Both VGG16 and VGG19 performed well, particularly in terms of recall and F1-score, which can be attributed to their deep, sequential convolutional layers that facilitate extensive feature extraction. VGG19 achieved a recall of 96.21%, narrowly trailing DenseNet121, while VGG16 recorded a recall of 94.96%. However, these models also exhibited a tendency toward overfitting due to their high parameter count and depth, leading to a slight reduction in their overall accuracy compared to DenseNet12150. While, BiT demonstrating respectable performance with an accuracy of 92.33%, lagged behind the other models, particularly in precision (92.22%) and F1-score (92.52%). This may be attributed to reliance of BiT on transfer learning and the specific characteristics of the training dataset, which may not align optimally with the pre-trained model knowledge51.
Impact of semantic segmentation on air temperature classification performance
The implementation of semantic segmentation, particularly through the DeepLabV3 Plus architecture, has demonstrated a significant impact on the classification performance of models for air temperature classification using human clothing images. The results presented in Table 5 illustrate that all models trained on the segmented dataset achieved higher performance metrics compared to those trained on the non-segmented dataset (Table 6), with performance dropping by almost 50%. For instance, the accuracy of the DenseNet121 model on the segmented dataset reached 98.13%, while the same model only achieved 56.62% accuracy on the non-segmented dataset. Figure 10 shows the actual and predicted results generated by DenseNet121 on randomly sampled images from the segmented dataset, further illustrating the impact of segmentation. This stark contrast underscores the critical role that semantic segmentation plays in enhancing the ability of models to discern relevant features from the images, which is essential for accurate classification tasks52,53. The observed drop in performance metrics such as accuracy, sensitivity, specificity, F1-Score, precision, recall, and AUC in the absence of segmentation can be attributed to inability of model to effectively isolate and identify the relevant features of clothing that correlate with varying air temperatures.
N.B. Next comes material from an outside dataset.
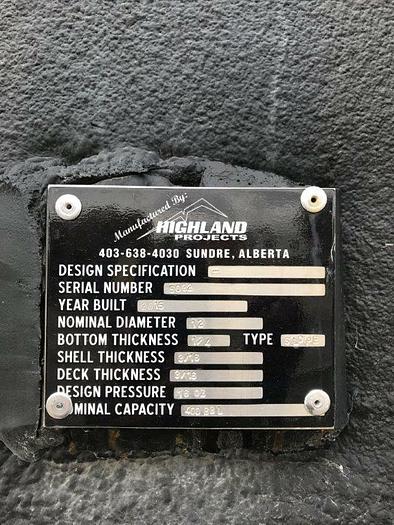 400 BBL ThermoVault Tank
Without semantic segmentation, the models are presented with cluttered images where the background and irrelevant details can obscure the critical features of clothing, leading to misclassification and reduced sensitivity to temperature related cues54. The segmentation process allows the models to focus on the pertinent regions of interest, thereby improving their ability to generalize and classify accurately. This is particularly important in the context of clothing images, where variations in color, texture, and layering can significantly influence temperature classification outcomes55.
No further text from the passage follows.